Data extract:
-------------------------

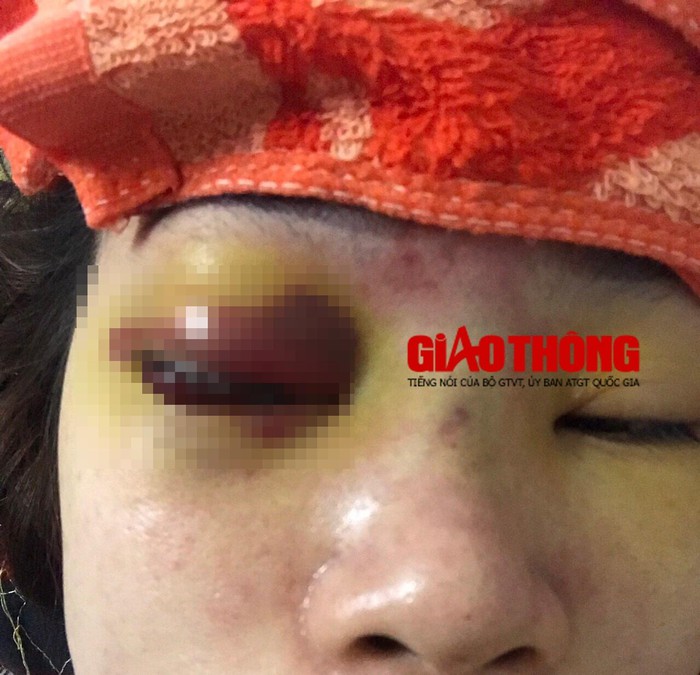 nâng mũi bị mù mắt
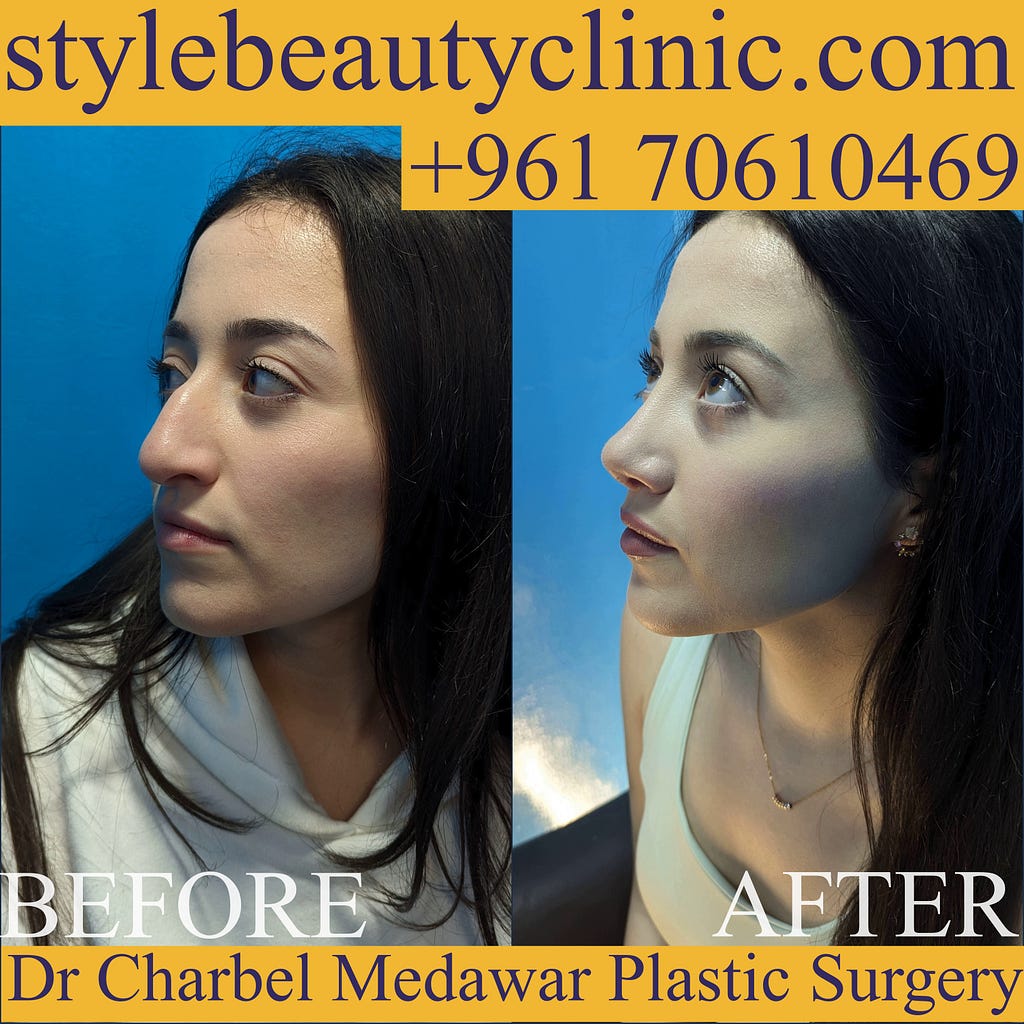 best nose plastic surgeon in lebanon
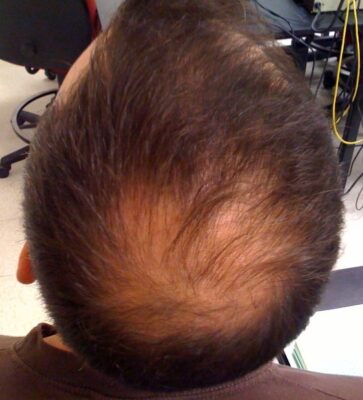 Alopecia | Concise Medical Knowledge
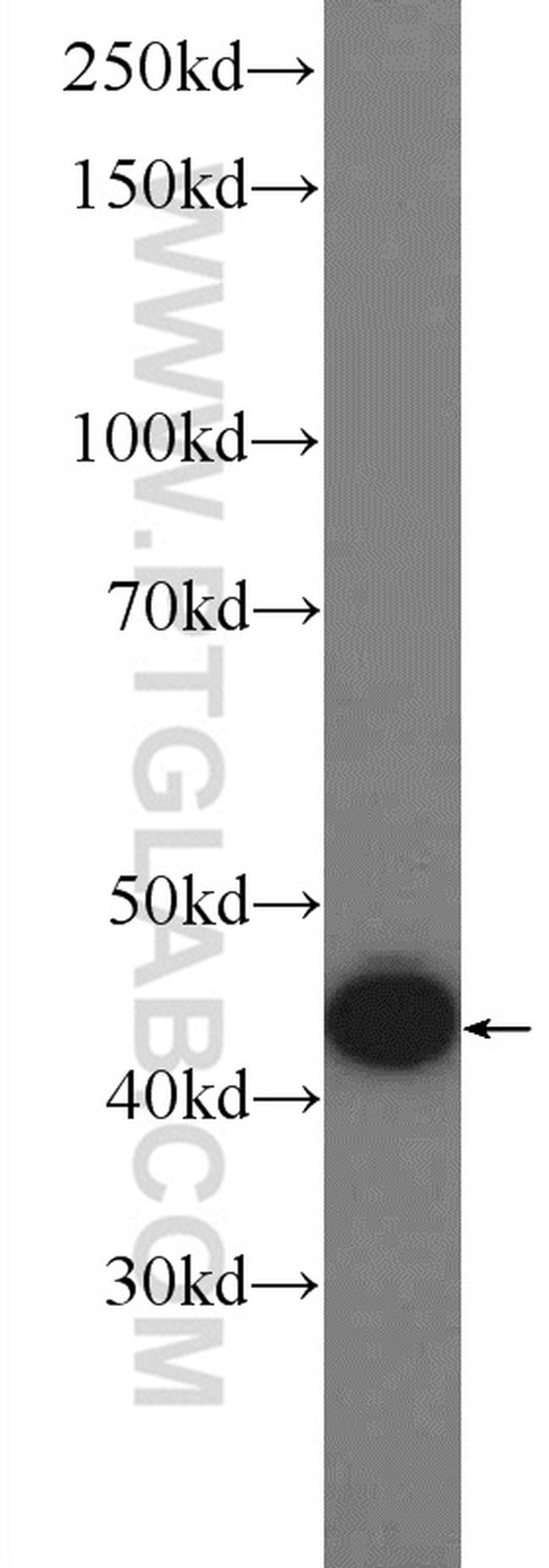 GSK3B Antibody in Western Blot (WB)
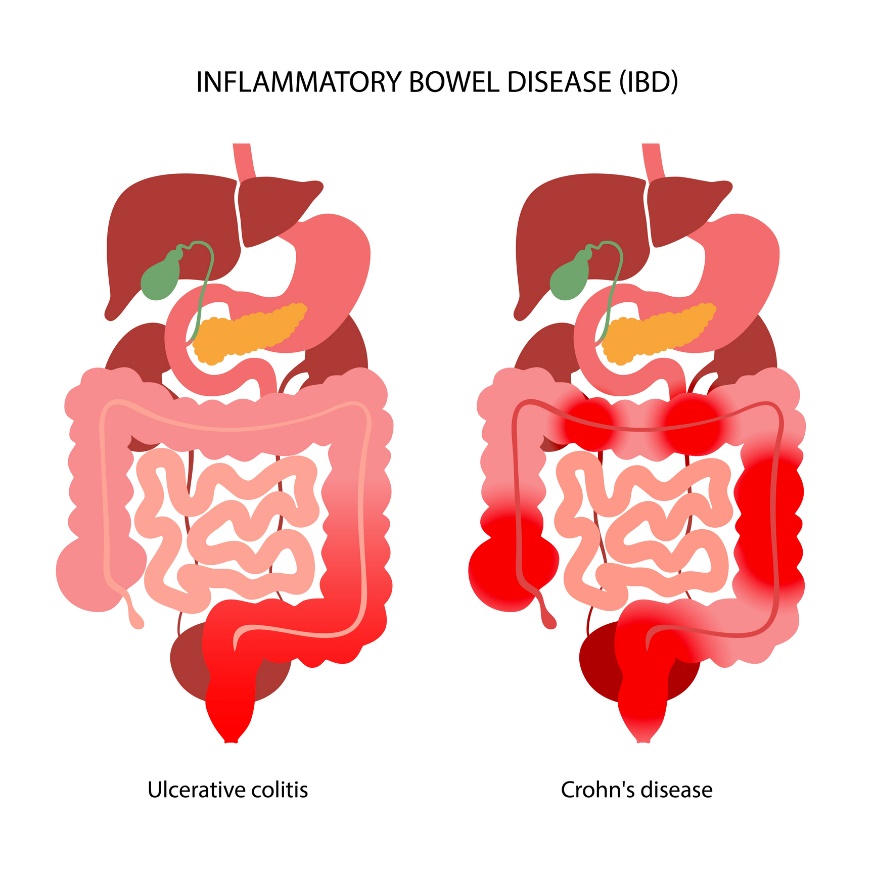 IBD: onderverdeeld in colitis ulcerosa en de ziekte van Crohn volgens de lokalisatie van de ontstekingsreactie.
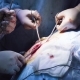 Hands of the Two Surgeons During Suturing - VideoHive Item for Sale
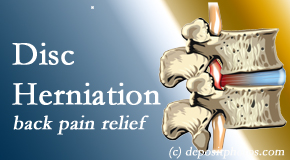 Wilson Family Chiropractic uses non-surgical treatment for relief of disc herniation related back pain. 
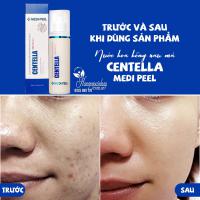 Nước hoa hồng rau má Centella Medi Peel 180ml Hàn Quốc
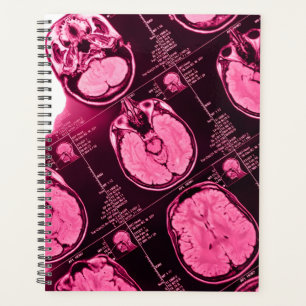  Magenta MRI: An Axial View of the Brain Planner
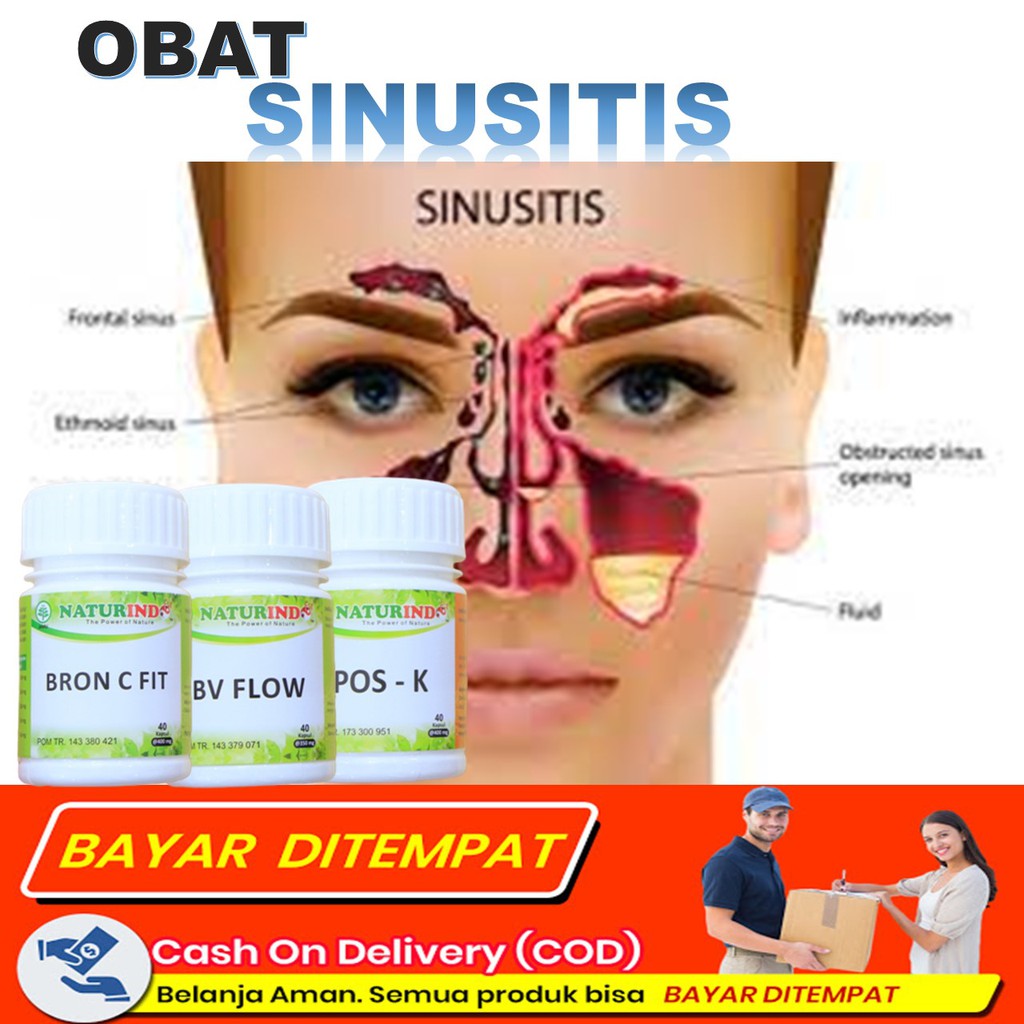 Jual Obat Sinusitis Dan Polip Hidung Menahun Paling Ampuh Herbal Sinus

-------------------------

Task instructions: Could you retype exactly the lines running from the one with "Magenta MRI: An" to the end of the material above, pictures omitted?

Written answer:
  Magenta MRI: An Axial View of the Brain Planner
 Jual Obat Sinusitis Dan Polip Hidung Menahun Paling Ampuh Herbal Sinus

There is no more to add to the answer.